# Hilton Head here I come!



## brianj517 (Aug 18, 2006)

Hi all,

Just wanted to let everyone know that this will be my last post for a week or so... I'm off to sunny south carolina for a long overdue vacation in Hilton Head. Since the big "D" a few months back, I haven't had much time to do anything other than work to pay child support, bills and other associated BS, and hopefully have enough left over to buy a few things to feed me and the ol' GOSM. 

Well, I finally scraped enough together to get away for a while and let somebody else do the cooking and the dishes! Sooo for the next 7 days or so... it'll be nothing but sun, sand, and copious amounts of adult beverages...

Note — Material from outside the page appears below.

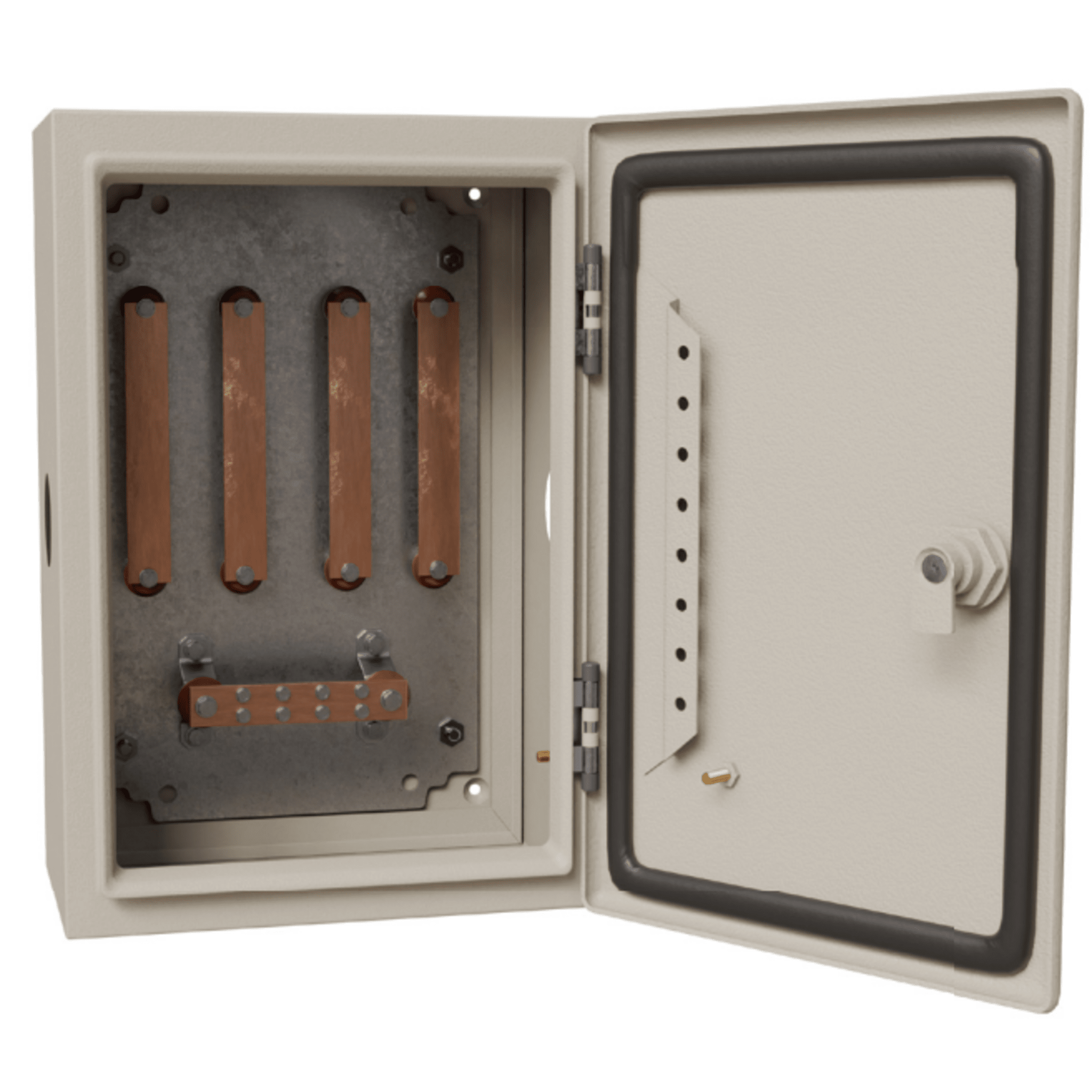 Gabinete de Distribución Eléctrica — TOTAL GROUND · SKU TG-BUE-4M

Hope y'all have a great week, and keep the blue smoke blowin'

Cheers,
Brian


----------



## smokemack (Aug 18, 2006)

Have a great trip; drink an adult beverage for me, and keep yours eyes out for those few straggling college hotties that are soaking up the last sun of summer 8) . Enjoy!!


----------



## big-e (Aug 18, 2006)

have a safe and fun trip. let us hear about it when you get back.  And remember to feed that GOSM!


----------



## joed617 (Aug 25, 2006)

Brian, This is a little late but I know about the big "D" all to well.. she got the elevator and I got the shaft. Now that my kids are grown <both of them> It's a little easier now.  Child support was killing me, I was paying 1500. per month.  Hope your trip was fun.. Oh and like I didn't learn the frst time .. I remarried <slapping head, what was I thinking> I'm kidding, I love my new wife and we do joke around alot. So I think the 2nd time is better. My brother <younger> was married twice and divorced twice and use to introduce his wife now as his "Future Ex Wife" laughing 

Joe


----------